EXERCISE DESCRIPTION
Only the lines from the one containing "Mix Chakra Stone" through the final line below belong in the output, copied exactly and without pictures.

COLLECTED MATERIAL
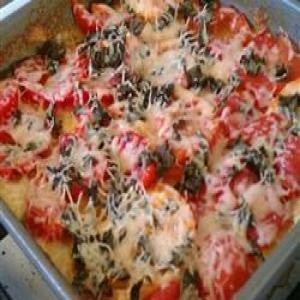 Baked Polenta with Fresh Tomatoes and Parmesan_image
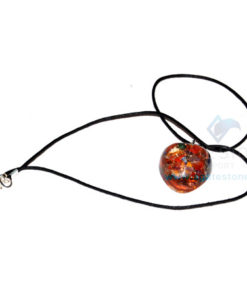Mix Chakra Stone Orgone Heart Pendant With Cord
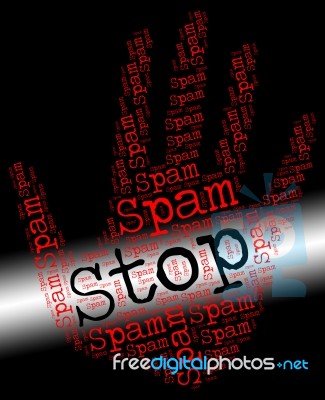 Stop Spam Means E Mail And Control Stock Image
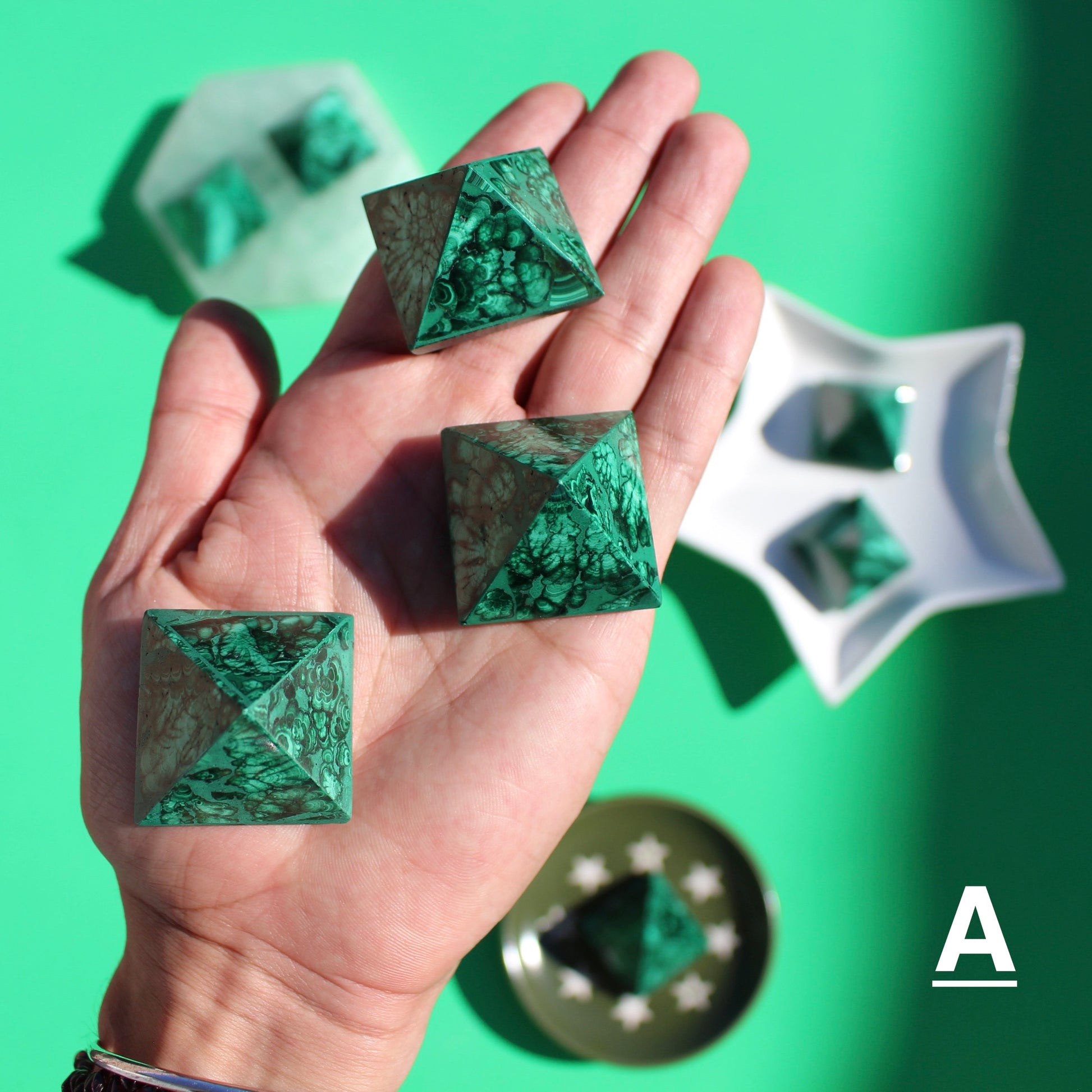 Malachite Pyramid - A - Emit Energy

EXERCISE OUTPUT
Mix Chakra Stone Orgone Heart Pendant With Cord
 Stop Spam Means E Mail And Control Stock Image
 Malachite Pyramid - A - Emit Energy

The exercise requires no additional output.